Solitamente si indica come causa dei problemi della scuola la mancanza di soldi. Ma non è così. Se si guarda alla spesa per studente, storicamente l’Italia spende più degli altri paesi: il vero problema è che spende male. La soluzione proposta da Anna Monia Alfieri è l’introduzione di un “costo standard per allievo” come strumento di finanziamento delle scuole pubbliche statali e paritarie, che dovrebbe da un lato garantire la libertà di scelta delle famiglie e dall’altro innescare un meccanismo che premi le scuole più efficienti e penalizzi quelle più scadenti, spingendo tutti a migliorare l’offerta formativa. Naturalmente il diavolo si nasconde nei dettagli, molto dipende da come il “costo standard” viene disegnato e dai parametri utilizzati per misurare l’efficienza, ma senza dubbio il sistema avrebbe il merito di far competere scuole statali e paritarie ad armi pari, come già accade in altri settori, come la Sanità, dove i cittadini scelgono le strutture che ritengono migliori indipendentemente dalla natura statale o privata delle stesse.

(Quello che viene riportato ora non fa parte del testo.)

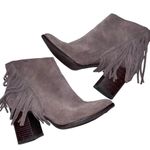 Arturo Chiang Reiden Gray Suede Fringe Booties Photo 1
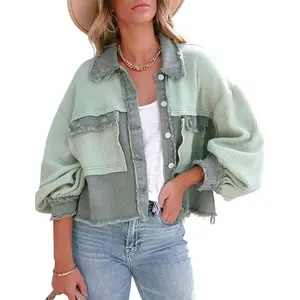 Women's Denim Spliced Waffle Knit Cropped Jacket Button Down Boyfriend Shirt Shacket Tops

Andrea Ichino, economista dello European University Institute, che da tempo si occupa dei problemi della scuola, dice che l’introduzione del concetto di costo standard serve solo se si accompagna a una riforma che consenta una gestione autonoma delle scuole pubbliche e dei loro budget. “Siamo abituati a pensare che nella scuola lo stato abbia tre funzioni: finanziare, regolare e gestire – dice Ichino al Foglio – Ecco, io penso che lo stato debba finanziare e regolare le scuole pubbliche, ma non è detto che le debba gestire. Gli esempi delle charter school negli Stati Uniti e delle school academies nel Regno Unito, dimostrano che soggetti diversi dallo stato, liberi di gestire personale, risorse e programmi entro limiti precisi, sono spesso in grado di far funzionare le scuole molto meglio dello stato stesso, soprattutto nei quartieri più disagiati. E non sta scritto da nessuna parte che questi gestori debbano essere di ispirazione religiosa, anzi!”.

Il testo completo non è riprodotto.